Tuesday, March 18, 2014

BICEP2

I am trying to understand the details myself. If you want hairy details, look here, here (Lubos has a guest poster), or here or here for a little more on how reliable it looks. Or have a crack at the paper yourself--I haven't finished it yet.

The coolest of the pictures show what look like twists. That's what they are. Light, being oscillating electric and magnetic fields, has a direction for the electric field and another for the magnetic field. Most of the time the directions in a collection of light are random, but you can get polarized light from particular sources, or by blocking out the polarization you don't want, and some more exotic ways.

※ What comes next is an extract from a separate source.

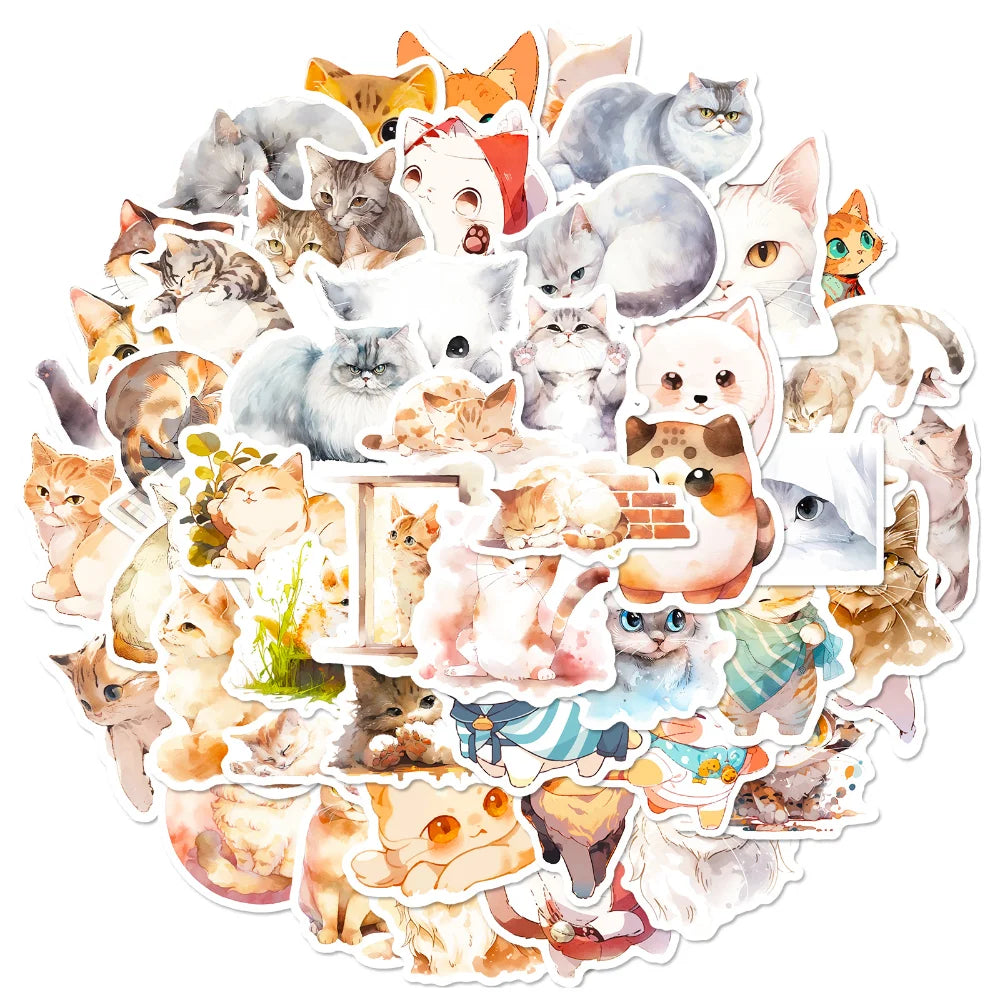 50Pcs Kawaii Painting Watercolor Cat Stickers Pack for Kids Cartoon Cute Graffiti Decals Scrapbooking Luggage Laptop Sticker (ONLINE ORDER ONLY)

The twists in those pictures...

You remember waves in the sea, and up and down waves on a slinky, and pressure waves along the slinky. In physics class you may have been introduced to "twisting waves" in a rod--you can't quite get those to propagate along the slinky--and not in the ocean or the air at all.

But gravity waves are different, and they can be "twisty" Please follow that link for the picture to see what a twisty wave can look like.. If, as looks more and more likely, the universe grew from a big bang, even relatively small fluctuations early on should leave some kind of imprint. Unless they've made some mistakes, they're looking at the impress of gravity waves on the universe very early on. (The pictures represent a small section of the sky.)

If this pans out, it is probably Nobel material.